## [Required work]
The part below that opens with the line containing "Photo 6 of Unit" and closes with the line containing "ジッピーウォレット M" should be copied exactly, minus any pictures.
+===+
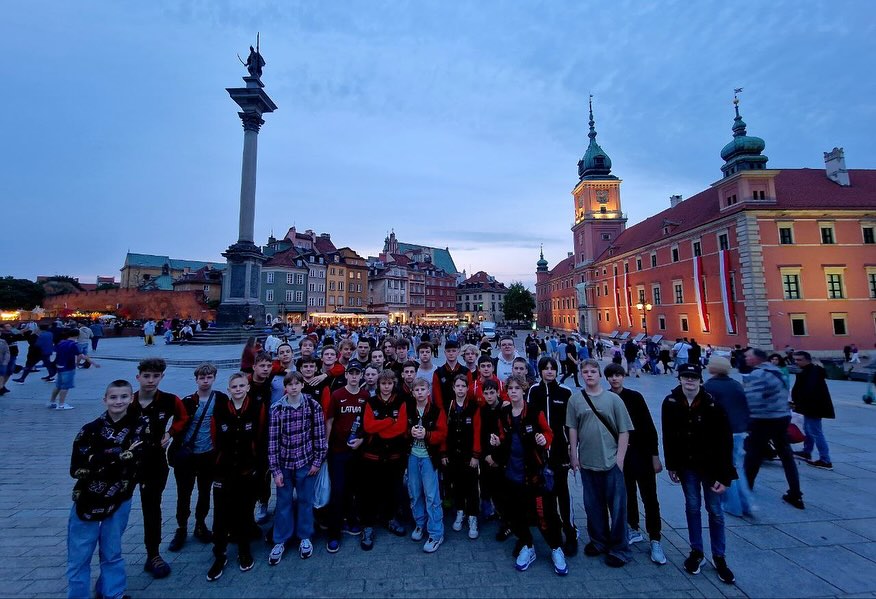 Rīgas Haizivis 2012+ komanda turpina starptautisko pieredzi – šoreiz Varšavā!🤽♂️🤽♀️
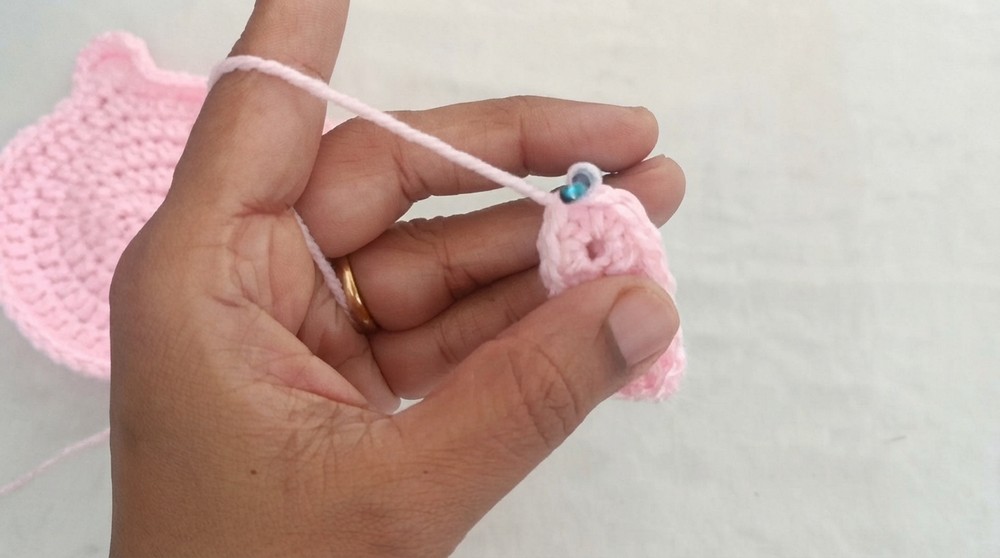 How to Crochet a Hellokitty Pouch 4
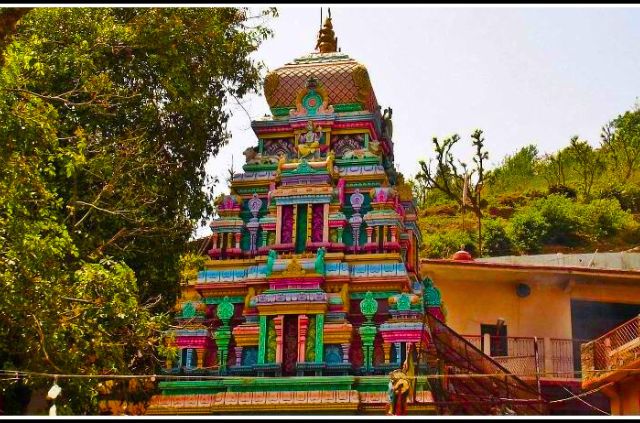 Neelkantha Temple: A Popular Tourist Attraction in Rishikesh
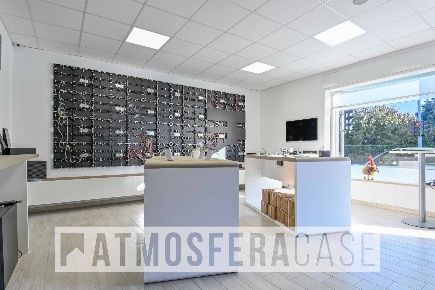 Foto Ufficio in Garibaldi, Pedrengo Centro di 103 m² con 1 locali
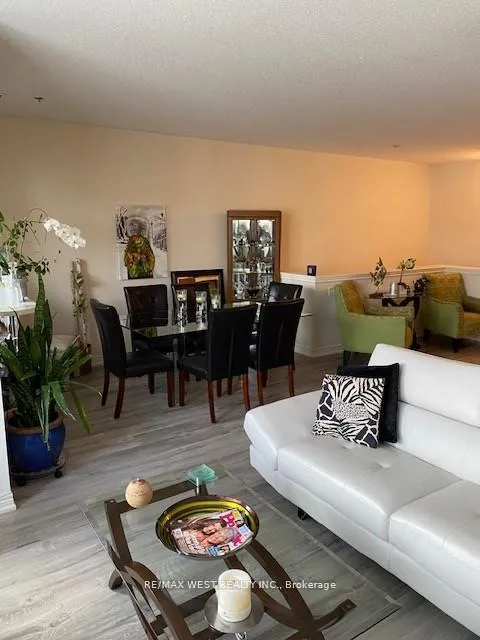Photo 6 of Unit 211, 9441 Jane Street, Vaughan, Maple — HOMEH
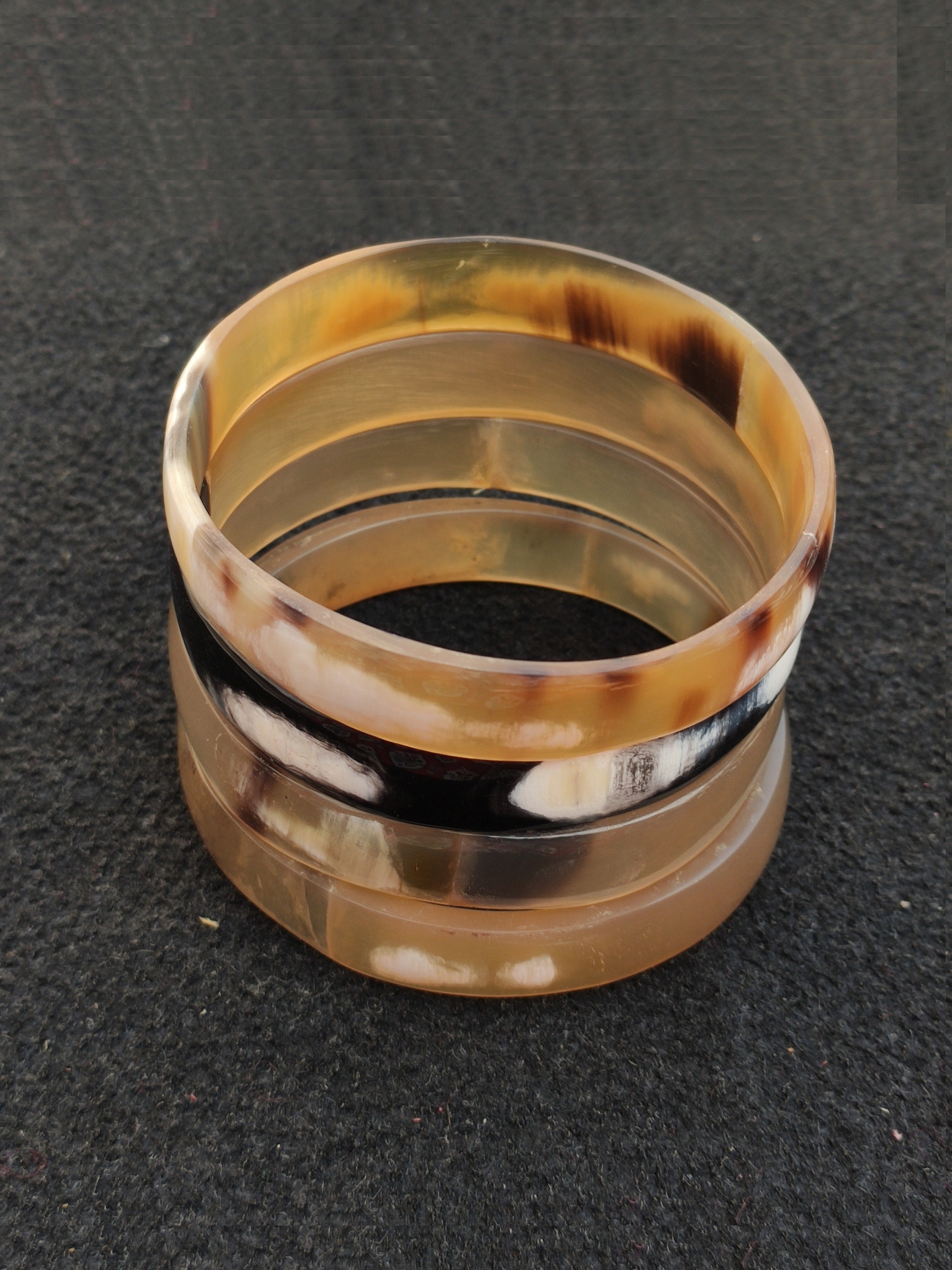 アクセサリー brass buffalo horn bangle Ethically Sourced Natural Buffalo Horn Jewelry 4 Pcs Set
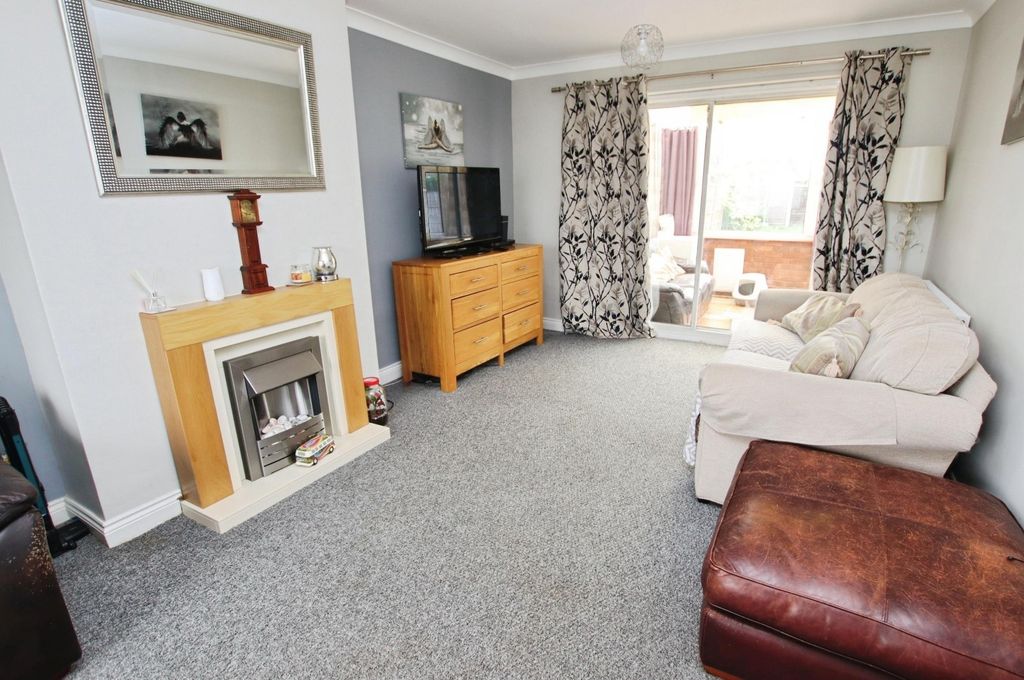 Property photo 2 of 20 4203442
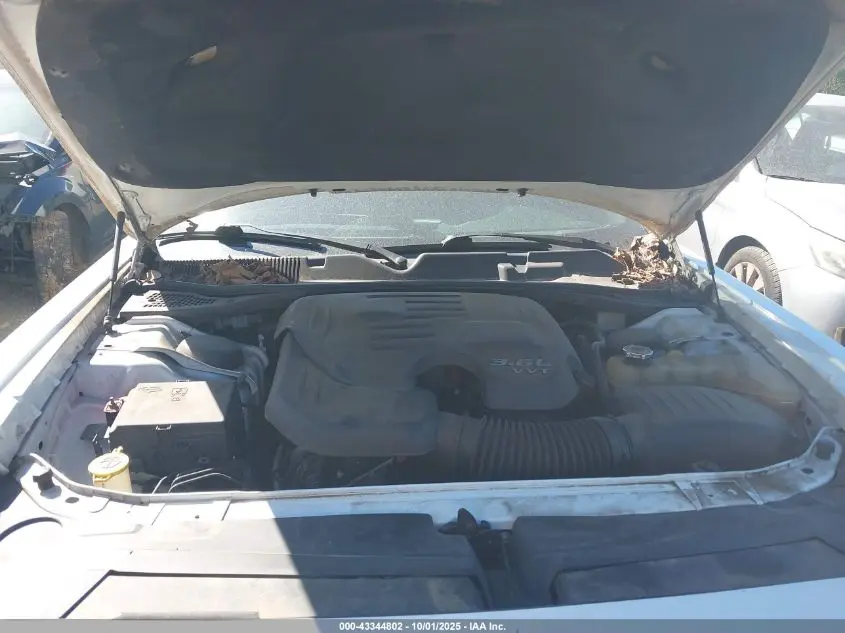 2016 DODGE CHALLENGER SXT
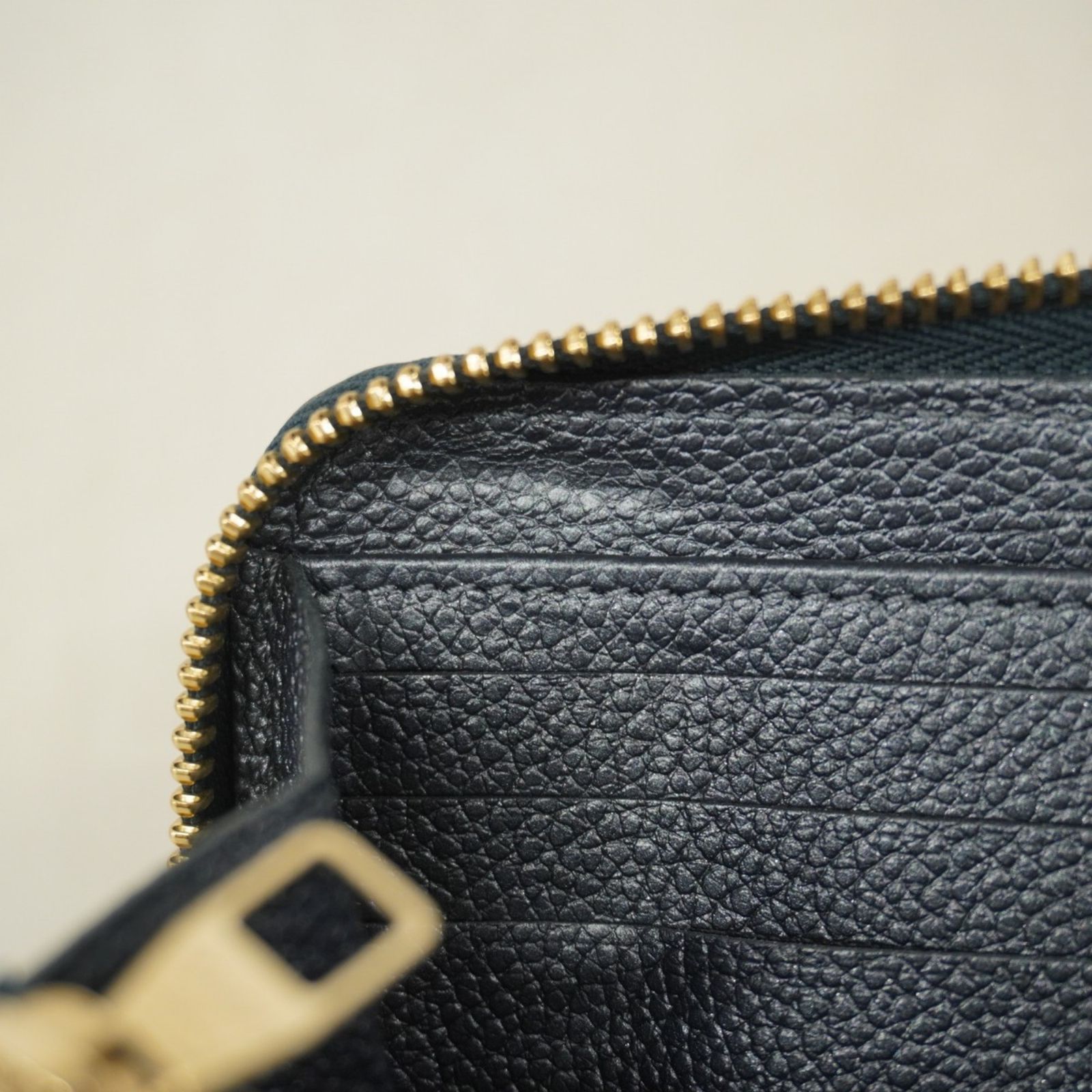 ジッピーウォレット M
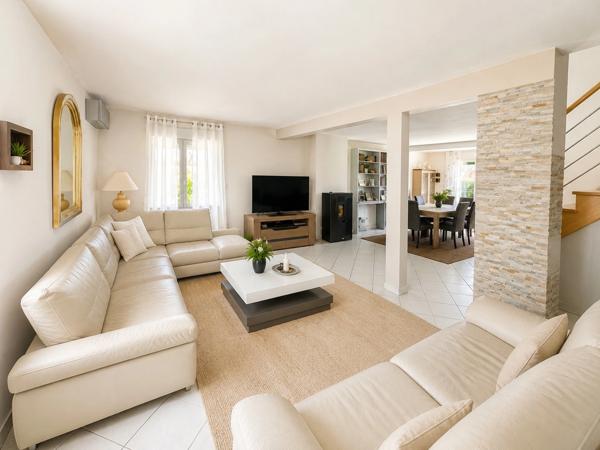 ELEGANTE MAISON NEO-BRETONNE RENOVEE VIE DE PLAIN-PIED A BRECH | 126 m² | 4 chambres | Terrain clos de 600 m² | DPE performant  BRECH (56)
+===+
## [Answer to the exercise]
Photo 6 of Unit 211, 9441 Jane Street, Vaughan, Maple — HOMEH
 アクセサリー brass buffalo horn bangle Ethically Sourced Natural Buffalo Horn Jewelry 4 Pcs Set
 Property photo 2 of 20 4203442
 2016 DODGE CHALLENGER SXT
 ジッピーウォレット M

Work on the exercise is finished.